DOJ Report on Baltimore Police Shows Harms of Criminalization of Commercial Sex

Contact:

Jacqueline Robarge, Power Inside | jrobarge at powerinside.org (410) 889-8333
Darby Hickey, Best Practices Policy Project | darbyhickey at gmail.com (202) 250-4869
Katherine M Koster, SWOP-USA | katherine at swopusa.org (877) 776-2004

DOJ Report on Baltimore Police Shows Harms of Criminalization of Commercial Sex

Statement from Power Inside, Best Practices Policy Project, and Sex Worker Outreach Project-National (SWOP-USA)

The August 10th U.S. Department of Justice (DOJ) investigative findings on the Baltimore Police Department (BPD) reveals police abuse and misconduct that sex workers have documented for years. According to the DOJ findings, BPD officers “fail to meaningfully investigate reports of sexual assault, particularly for assaults involving women with additional vulnerabilities, such as those who are involved in the sex trade.” In addition to ignoring sexual assault reports, the DOJ reports, officers themselves targeted, raped, and sexually assaulted sex workers, noting that such conduct “is not only criminal, it is an abuse of power.”

The DOJ details the BPD’s sweeping racial bias and unconstitutional practices that include racial profiling, degrading strip searches, excessive force, abusive language, and erroneous arrests. According to the report, African American sex workers and lesbian, gay, bisexual, and transgender (LGBT) people are particularly impacted by biased policing and are repeatedly targeted for stops without cause. The DOJ noted that, “BPD’s application of city ordinances banning loitering, trespassing, and failing to obey an officer’s order violates the Fourteenth Amendment.” Once stopped, sex workers of color or those perceived as sex workers are treated with a magnified level of disrespect and abuse.

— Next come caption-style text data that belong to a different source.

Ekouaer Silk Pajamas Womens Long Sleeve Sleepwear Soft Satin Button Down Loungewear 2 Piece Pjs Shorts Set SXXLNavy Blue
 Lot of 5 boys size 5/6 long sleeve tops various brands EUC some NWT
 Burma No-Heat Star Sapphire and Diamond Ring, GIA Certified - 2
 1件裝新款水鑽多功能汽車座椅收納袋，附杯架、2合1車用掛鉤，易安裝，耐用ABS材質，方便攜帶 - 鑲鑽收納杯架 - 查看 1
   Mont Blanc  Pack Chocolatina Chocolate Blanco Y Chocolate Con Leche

Unfortunately, this mistreatment is not unique to Baltimore. In 2014 at the United Nations review of the U.S. human rights record, sex worker groups presented documentation of widespread human rights abuses in the U.S. against sex workers and those profiled as engaging in commercial sex, including documentation from Baltimore. The documentation presented in 2014 was a follow-up to a 2010 U.S. human rights record review in 2010, when the U.S. Government agreed to address discrimination against sex workers

Despite this longstanding documentation of police abuse of individuals engaged in the sex trade, particularly African American cisgender and transgender women, the U.S. government has taken no steps to address these pervasive human rights violations. Just as the DOJ documented in Baltimore, throughout the country police officers assault and rape sex workers, ignore sexual assault claims brought by people involved in sex work and deliberately fail to investigate these abuses. Police officers also profile people, particularly transgender and cisgender women, as sex workers, stopping and arresting them on scant evidence. This profiling comes as part of the broader racial and gender profiling of African Americans and other people of color documented extensively by DOJ across the country.

These human rights violations are a direct result of criminalization of marginalized communities in general and the criminalization of sex work more specifically. To address them, states and municipalities should work against criminalization in general and towards the decriminalization of drug use and sex work. The federal government should issue guidance on racial and gender profiling, make state and local funding contingent on an end to such practices, and promote policies and practices which stop human rights abuses against people of color, transgender people, sex workers and those profiled as involved in commercial sex.

The crafting of the Baltimore’s DOJ consent decree, and those in other DOJ investigations, must meaningfully include sex workers, LGBT people, and marginalized survivors of violence that have been most impacted by neglectful and unconstitutional practices. Real reform must include robust reforms that are specific to marginalized communities.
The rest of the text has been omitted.